MonoPP: Metric-Scaled Self-Supervised Monocular Depth Estimation by Planar-Parallax Geometry in Automotive Applications
Gasser Elazab, Torben Gräber, Michael Unterreiner, Olaf Hellwich
TL;DR
The paper tackles the problem of obtaining metric-scaled depth from monocular video in automotive settings, where scale matters for navigation and planning. It introduces MonoPP, a self-supervised framework that uses planar-parallax geometry and a teacher–student pipeline to transfer metric-scale information from a planar scene to a single-frame depth predictor, requiring only the camera height above ground as additional input.
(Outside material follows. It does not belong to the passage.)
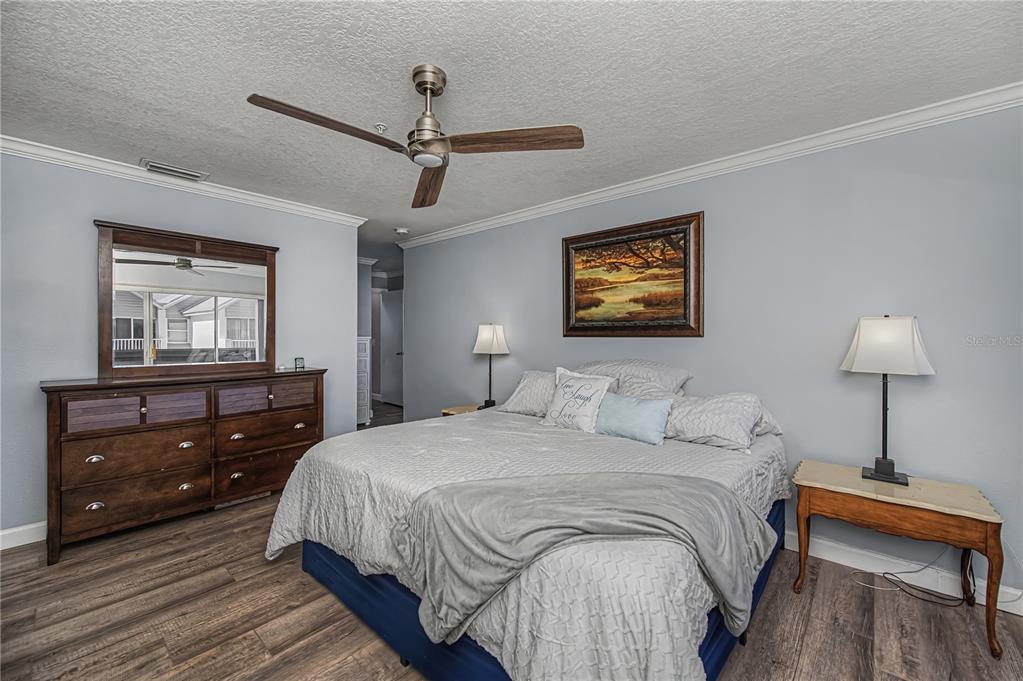 2255 North Beach Road, Unit 20 Englewood, FL 34223 - Photo 27 of 50 a bedroom with a bed and a lamp on dresser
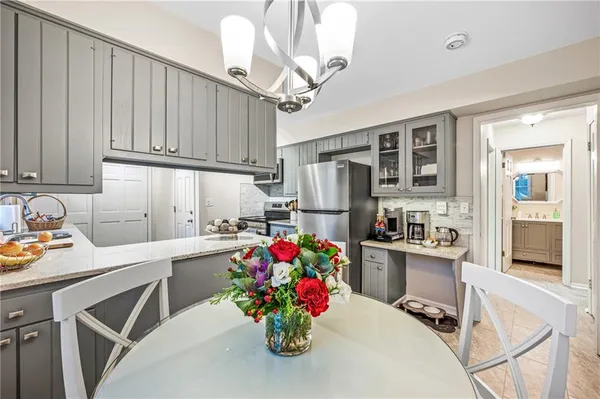 a kitchen with refrigerator cabinets and a dining table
The method achieves state-of-the-art metric-depth performance on KITTI and demonstrates breakthrough metric-depth results on Cityscapes, illustrating robustness across datasets. The approach combines a Planar-Parallax teacher with a monocular student, employs specialized masks and losses to handle dynamics, and runs efficiently, highlighting practical applicability for real-world vehicle perception.
Abstract
Self-supervised monocular depth estimation (MDE) has gained popularity for obtaining depth predictions directly from videos. However, these methods often produce scale invariant results, unless additional training signals are provided. Addressing this challenge, we introduce a novel self-supervised metric-scaled MDE model that requires only monocular video data and the camera's mounting position, both of which are readily available in modern vehicles. Our approach leverages planar-parallax geometry to reconstruct scene structure. The full pipeline consists of three main networks, a multi-frame network, a singleframe network, and a pose network. The multi-frame network processes sequential frames to estimate the structure of the static scene using planar-parallax geometry and the camera mounting position. Based on this reconstruction, it acts as a teacher, distilling knowledge such as scale information, masked drivable area, metric-scale depth for the static scene, and dynamic object mask to the singleframe network. It also aids the pose network in predicting a metric-scaled relative pose between two subsequent images. Our method achieved state-of-the-art results for the driving benchmark KITTI for metric-scaled depth prediction. Notably, it is one of the first methods to produce self-supervised metric-scaled depth prediction for the challenging Cityscapes dataset, demonstrating its effectiveness and versatility.